Iran is backtracking from an interim nuclear agreement with world powers three months ago, Western officials suggested on Sunday, as U.S. and Iranian officials said talks on a final accord would likely run past a June 30 deadline.
Securing an historic agreement would end a more than 12-year nuclear standoff between Iran and the West and open the door to suspending sanctions that have crippled Tehran's economy. It could also help ease the diplomatic isolation for an Iran that has become increasingly assertive across the region.
Highlighting how much work remains in the nuclear negotiations, British Foreign Minister Philip Hammond said on arrival in Vienna that major challenges remained, including on the parameters already agreed in April in Lausanne, Switzerland.

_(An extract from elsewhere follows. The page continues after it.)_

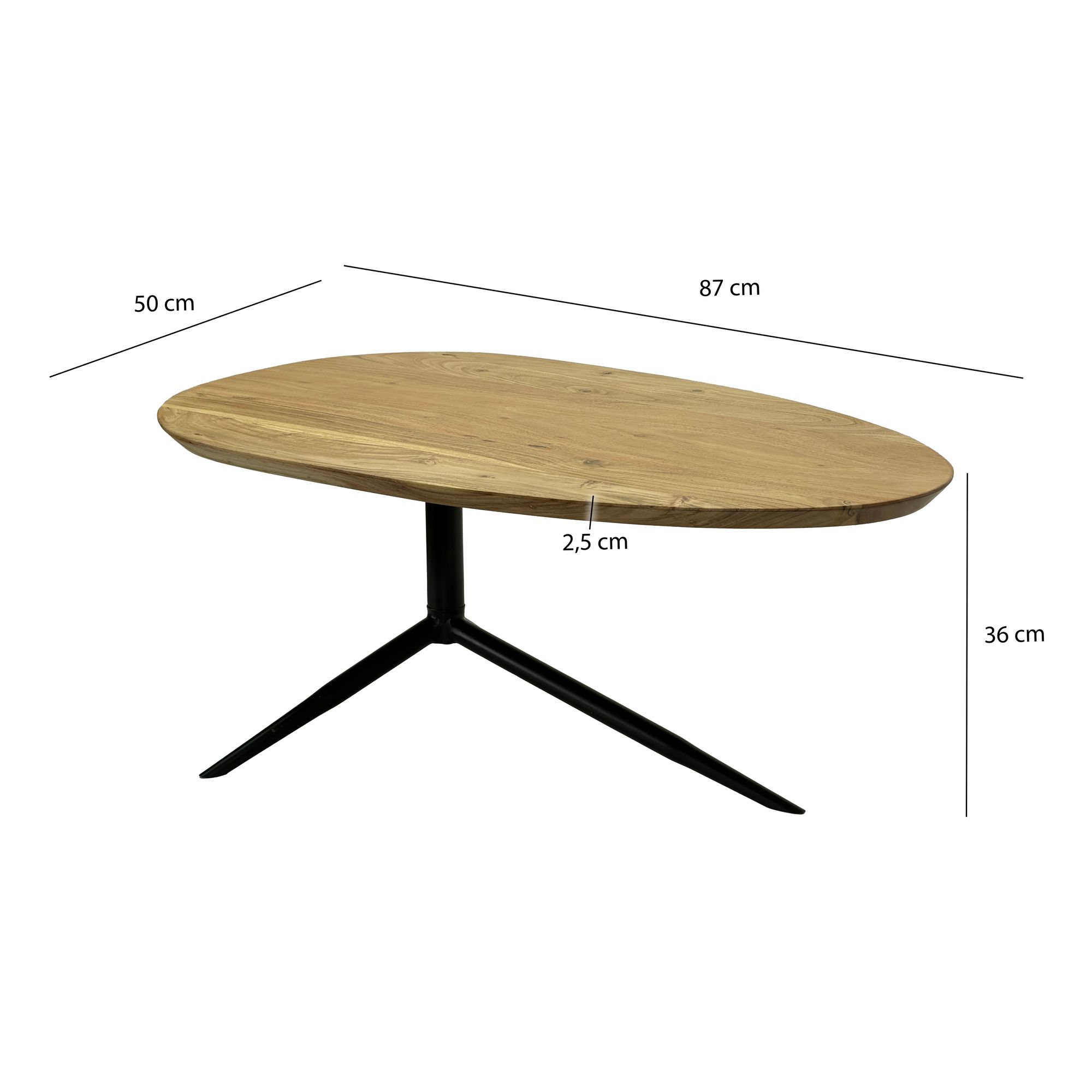 Couchtisch Setermoen Akazie Massivholz 87 × 50 × 36 cm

"There are a number of different areas where we still have major differences of interpretation in detailing what was agreed in Lausanne," Hammond told reporters.
"There is going to have to be some give or take if we are to get this done in the next few days," he said. "No deal is better than a bad deal."
Other Western officials echoed Hammond's remarks, saying some of the backtracking involved the mechanics of monitoring Iranian compliance with proposed limits on nuclear activities.
"It feels like we haven't advanced on the technical issues and even gone back on some," a Western diplomat said on condition of anonymity.
Another Western official traced the apparent backtracking to a speech by Iranian Supreme Leader Ayatollah Ali Khamenei last week, in which he ruled out freezing sensitive nuclear work in the country for a long time.
"His speech last week seems aimed at constraining (Iranian negotiators') flexibility in the last stretch of the talks, as he has done at a number of key intervals over the last two years," a Western diplomat told Reuters, citing an internal government intelligence assessment of Khamenei's speech.
But he added that Khamenei's tendency to issue vague directives "could leave the negotiators with some limited room to play with and to find creative solutions that could help wrap up the diplomatic process."
The main differences are on the pace and timing of sanctions relief for Iran and on the nature of monitoring mechanisms to ensure Tehran does not cheat on any agreement.
U.S. and European negotiators also want to ensure there is a mechanism for restoring sanctions if Tehran fails to meet its commitments under any future accord.